The story follows Mistletoe Bell (Mis) as she is swept off to North Pole Reform School – apparently she and her fellow classmates have all ruined Christmas for someone and they all have to learn the true value of Christmas before they can leave. They’re shown the true meaning of Christmas by the elves (mostly by performing different elf jobs like working on the naughty and nice list, answering Christmas letters and making toys). Mistletoe also finds herself falling for Luke, who needs to escape the North Pole for reasons he doesn’t want to talk about. Along the way Mistletoe and Luke learn the importance of Christmas, but they also learn that not everything is perfect, even in the happiest place on earth.
- Changing tone of the book. The main issue that I had with this book was the fact that the tone changed quite often – it starts out as kind of a snarky comedy (sometimes bordering on silly), and then gets serious – almost heavy – when Mistletoe and Luke start to learn about the meaning of Christmas (and when Mistletoe learns why Luke needs to get back home so badly), and then suddenly swerves into horror territory with the zombies.

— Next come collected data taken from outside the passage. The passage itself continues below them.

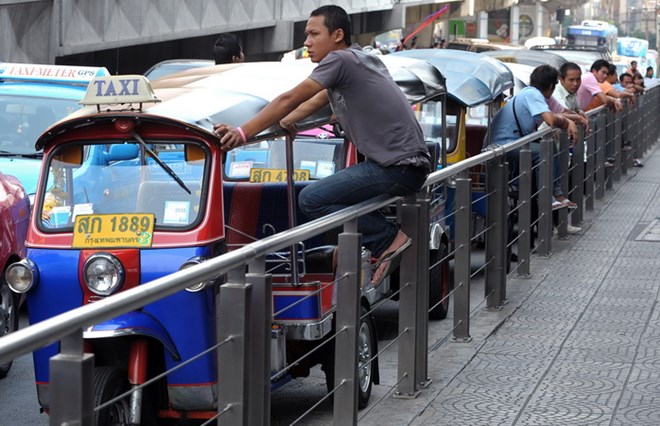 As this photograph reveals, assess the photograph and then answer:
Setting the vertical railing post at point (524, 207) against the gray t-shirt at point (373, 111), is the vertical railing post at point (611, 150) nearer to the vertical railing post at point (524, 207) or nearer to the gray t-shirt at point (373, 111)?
the vertical railing post at point (524, 207)

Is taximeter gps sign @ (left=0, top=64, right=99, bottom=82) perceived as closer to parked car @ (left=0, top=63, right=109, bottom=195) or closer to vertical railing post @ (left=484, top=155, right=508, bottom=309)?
parked car @ (left=0, top=63, right=109, bottom=195)

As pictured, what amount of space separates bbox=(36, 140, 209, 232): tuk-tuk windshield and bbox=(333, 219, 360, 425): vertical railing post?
95cm

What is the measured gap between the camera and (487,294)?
9781mm

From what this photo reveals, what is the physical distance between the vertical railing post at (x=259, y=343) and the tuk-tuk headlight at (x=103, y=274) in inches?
69.9

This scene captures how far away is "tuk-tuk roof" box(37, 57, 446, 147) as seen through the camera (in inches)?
267

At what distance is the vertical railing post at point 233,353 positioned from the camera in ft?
15.7

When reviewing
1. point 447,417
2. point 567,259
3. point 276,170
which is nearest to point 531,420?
point 447,417

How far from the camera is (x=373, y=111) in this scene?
714 cm

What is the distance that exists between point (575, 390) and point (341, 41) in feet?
7.25

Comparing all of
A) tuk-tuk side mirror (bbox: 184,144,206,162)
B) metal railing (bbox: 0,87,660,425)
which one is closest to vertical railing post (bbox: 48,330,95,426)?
metal railing (bbox: 0,87,660,425)

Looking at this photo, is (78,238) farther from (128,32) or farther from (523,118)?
(128,32)

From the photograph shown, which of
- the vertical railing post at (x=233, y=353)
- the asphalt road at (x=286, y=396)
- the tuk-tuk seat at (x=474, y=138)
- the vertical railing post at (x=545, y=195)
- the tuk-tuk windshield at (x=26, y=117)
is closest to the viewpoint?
the vertical railing post at (x=233, y=353)

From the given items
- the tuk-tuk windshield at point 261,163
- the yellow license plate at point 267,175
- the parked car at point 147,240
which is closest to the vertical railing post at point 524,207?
the tuk-tuk windshield at point 261,163

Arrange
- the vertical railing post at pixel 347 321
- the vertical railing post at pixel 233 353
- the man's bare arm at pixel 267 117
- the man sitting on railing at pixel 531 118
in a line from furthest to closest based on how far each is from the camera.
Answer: the man sitting on railing at pixel 531 118 < the man's bare arm at pixel 267 117 < the vertical railing post at pixel 347 321 < the vertical railing post at pixel 233 353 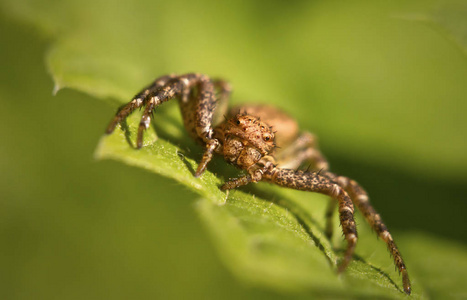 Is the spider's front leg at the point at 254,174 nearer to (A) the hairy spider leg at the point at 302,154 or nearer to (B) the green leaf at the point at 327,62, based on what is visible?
(A) the hairy spider leg at the point at 302,154

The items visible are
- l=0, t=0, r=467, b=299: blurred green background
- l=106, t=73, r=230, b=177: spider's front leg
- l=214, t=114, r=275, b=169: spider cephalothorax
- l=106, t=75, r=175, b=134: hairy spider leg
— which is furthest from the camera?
l=0, t=0, r=467, b=299: blurred green background

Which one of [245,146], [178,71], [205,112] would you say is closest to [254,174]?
[245,146]

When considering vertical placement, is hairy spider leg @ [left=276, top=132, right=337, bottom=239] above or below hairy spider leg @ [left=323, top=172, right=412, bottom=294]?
above

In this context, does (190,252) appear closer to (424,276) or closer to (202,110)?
(202,110)

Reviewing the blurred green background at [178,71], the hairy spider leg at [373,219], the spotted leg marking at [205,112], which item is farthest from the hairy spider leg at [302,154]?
the spotted leg marking at [205,112]

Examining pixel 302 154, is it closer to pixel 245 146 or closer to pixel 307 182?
pixel 307 182

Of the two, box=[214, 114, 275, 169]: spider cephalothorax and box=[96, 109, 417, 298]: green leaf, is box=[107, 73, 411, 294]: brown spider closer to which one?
box=[214, 114, 275, 169]: spider cephalothorax

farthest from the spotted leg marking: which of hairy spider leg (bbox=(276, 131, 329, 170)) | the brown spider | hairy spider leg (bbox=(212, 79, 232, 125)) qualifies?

I kept finding myself surprised at the shifts in the book and I didn’t always feel that it was one cohesive whole. I still enjoyed the book for all of its aspects, I just wish they had blended a bit better for me.
- Telling vs. showing when it came to the romance. Overall, I actually really liked the romance in this book, but there were some instances where the author seems to want to make SURE that we know a romance is brewing by throwing in lines like, “He’s sweet and he makes me laugh, and he seems to like me too.” We’ve already seen this by their actions, so I didn’t feel like the author needed to spell it out for us this way (at least not unless Mistletoe was going to express some real emotion that we might not see otherwise). There are several instances of this and each time it struck me as odd – as if the author thought we might not have quite caught on to the fact that Mistletoe and Luke were headed for romance. (NOTE: Since I wrote this review and posted it on Goodreads, the author actually contacted me and said that she has gone through the book to rectify this issue. So, this might not even be a problem at all in the near future!)
- The snarky humor. A lot of the humor in this book kind of reminded me of the fun snarky lines on shows like Buffy the Vampire Slayer (my favorite show of all time – partially for just this reason). Both Mis and Luke have smart mouths and a snide sense of humor that they are ready to use at a moment’s notice. But they still didn’t come off as being irritating or jerks – they were likable snarky characters! I loved scenes where the snark took center stage – for instance, at the beginning, the elves couldn’t seem to get a word in edgewise and just ended up frustrated all the time because their “students” were pelting them with a barrage of snarky questions. It was great fun!
- The zany characters. This book is full of unique and crazy characters. From mean Santa’s to duck phobic classmates to misquoting elves, there was plenty of wackiness going on. While I did find a couple of the running gags were a bit over-used, I still really enjoyed these interesting characters and their antics!
- The romance. I loved Mis and Luke together. First of all, the romance was developed relatively slowly, which I appreciated. I loved that they originally bonded through their mutual sense of irritation at the situation that they were in, but that their bond got deeper as they both started to realize the true meaning of Christmas together. These two were a sweet couple who I found myself rooting for and wanted to see happy – their relationship tied up with a nice bow, just like the Christmas presents all around them!